Many years ago I unconsciously drew for myself a line in the sand over the Second Amendment. I had just passed through a phase of my life where I decided I would give up hunting and guns. For several years this “hunting-free” lifestyle seemed adequate but when I came face-to-face with a choice about whether I would once again hunt or leave it forever I chose to hunt. A few years later I wrote a story about that decision and the events leading up to it and the story won several awards and has been reprinted in a number of magazines. At the time I wrote it I did not equate Second Amendment issues with my return to hunting. The transformation occurred when I was sitting in a Colorado Springs restaurant with a young lady I knew only casually. In the course of the conversation I said that on Friday I would be taking my daughter to stay with my mother over the weekend because I was going dove hunting with two friends. Out of the clear blue she asked if I owned a gun. I explained I did and then she asked how I was able to buy a gun and I told her where I’d bought it and the other details. She then screwed up a very serious tone and facial expression and said she thought people who had been in Vietnam should not be allowed to have guns because “everyone knows the fighting and killing ‘over there’ had messed up their minds and they couldn’t control themselves.” She went on to offer, in great detail, how Vietnam Veterans had committed “thousands of murders” and other crimes after coming home and she had believed that they could no longer own guns--she also believed that the police had an obligation to find those Vietnam veterans and take away their guns. “They are easy to find because they dress like they are still in the army,” she said definitively, obviously forgetting I was one of those veterans.
I don’t remember a lot of the conversation after that but I tried to talk to her about how I’d grown up in a family that did a lot of hunting and I started hunting with my father--all of the typical arguments about hunting and guns. She wouldn’t hear any of it. She finally stood up to leave and matter-of-factly said that I could call her “after you get rid of your gun and quit killing animals.” I never again saw or heard from her, nor did I try to contact her.
Now, after days of thinking about the NRA comments here on this blog and where I position myself today I’ve slowly realized that on that warm, late summer afternoon I drew a line in the sand. At the time I didn’t realize I had. I only knew that I felt betrayed because the freedom to own a gun is woven into the fabric of the nation. In the recess of my mind there was also the realization that this national fabric that I had taken for granted was not sewn of steel but of the finest threads and its red dye is the blood of its sons and daughters. We take for granted that those ideas and beliefs that have formed our national fabric will stand for themselves and will always be there. We expect our fabric to stand in sacred honor. It does not. We have learned it is a gossamer fabric that shimmers and shakes in the political and emotional winds that threaten to tear each of the threads from its anchor.
We are a nation of choice; the national fabric has been woven from the threads of choice. Our nation stumbled by fitful starts into weaving our fabric of choice, a democratic republic if you will, where finally nearly every man and woman can choose. We are not perfect, so we must try to be better.

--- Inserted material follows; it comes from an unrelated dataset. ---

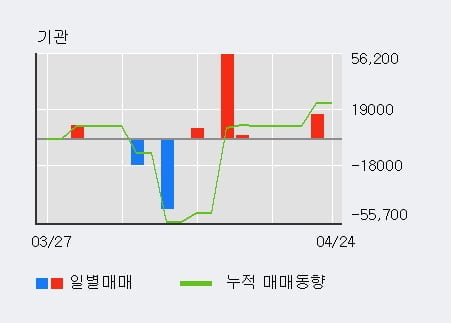 '카프로' 5% 이상 상승, 외국인 5일 연속 순매수(10.6만주)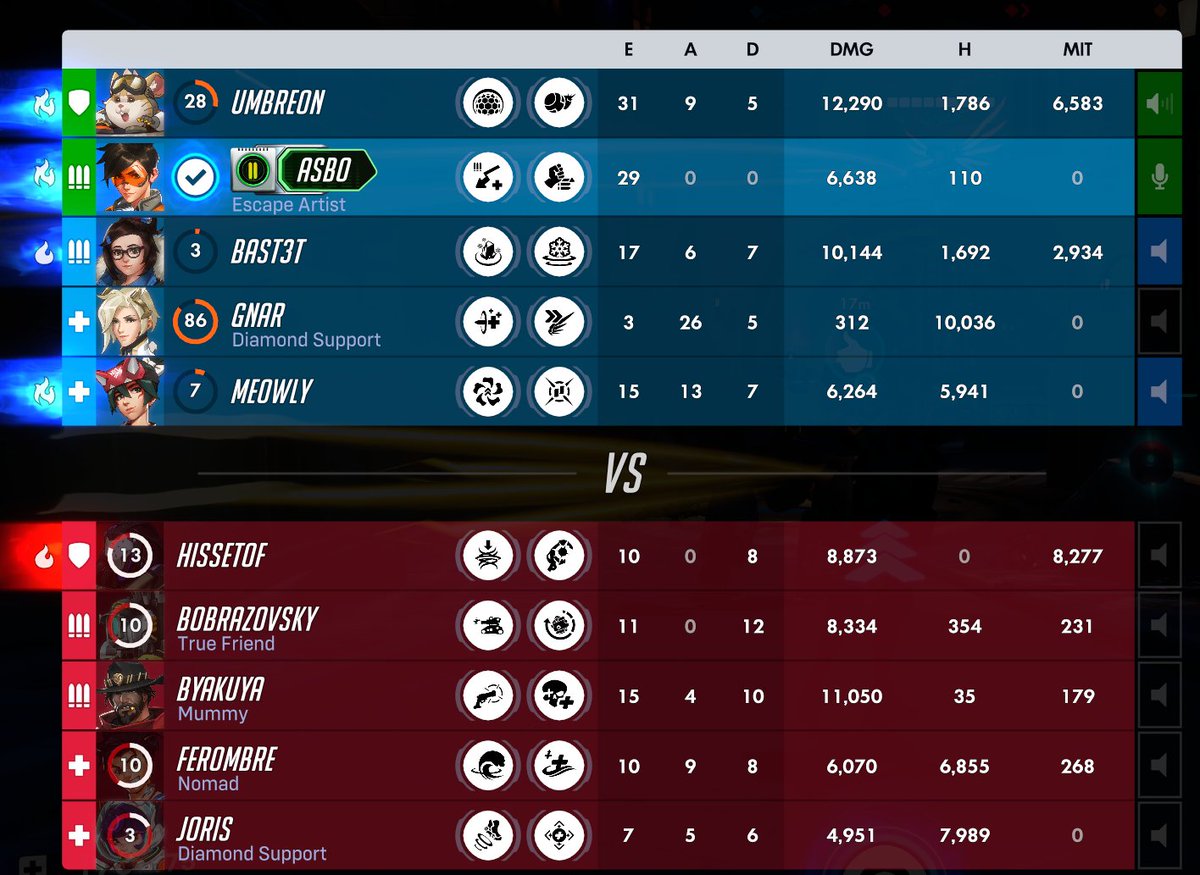 asbo_ow's tweet photo. #FirstGameOn https://t.co/EF6onuUTuc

One choice that we have is whether to own a firearm. That choice, that thread of our fabric, is one where I have drawn my line in the sand, and yet every year there are new pressures to change that choice, to erase that choice, and to rip the threads of that choice from the national fabric and in too many cases the foes of that choice have won small, but compounding victories, ripping one thread at a time from our fabric.
Protecting the Second Amendment is not a simple act of maintaining a stand in its defense but of being aware that each and every day someone is reaching for our national fabric and brushing threads away by claiming they are clearing cobwebs. That now nameless young woman I had found so attractive wanted to clear away what were, to her, cobwebs. Often, in so many people’s eagerness to clear away what they believe are cobwebs surrounding the birthrights they call relics, they soon discover they have forged their own chains.
I cannot, individually, stop people who are determined to clear away the Second Amendment, whether they are doing so in small pieces or plan to by one motion, but I can stand firm with others and keep them from tearing down this part of our national fabric. This is my vigilance. Each person must draw their own line; stand their own watch against the darkness and pray they have made the right decision. That is each person’s birthright.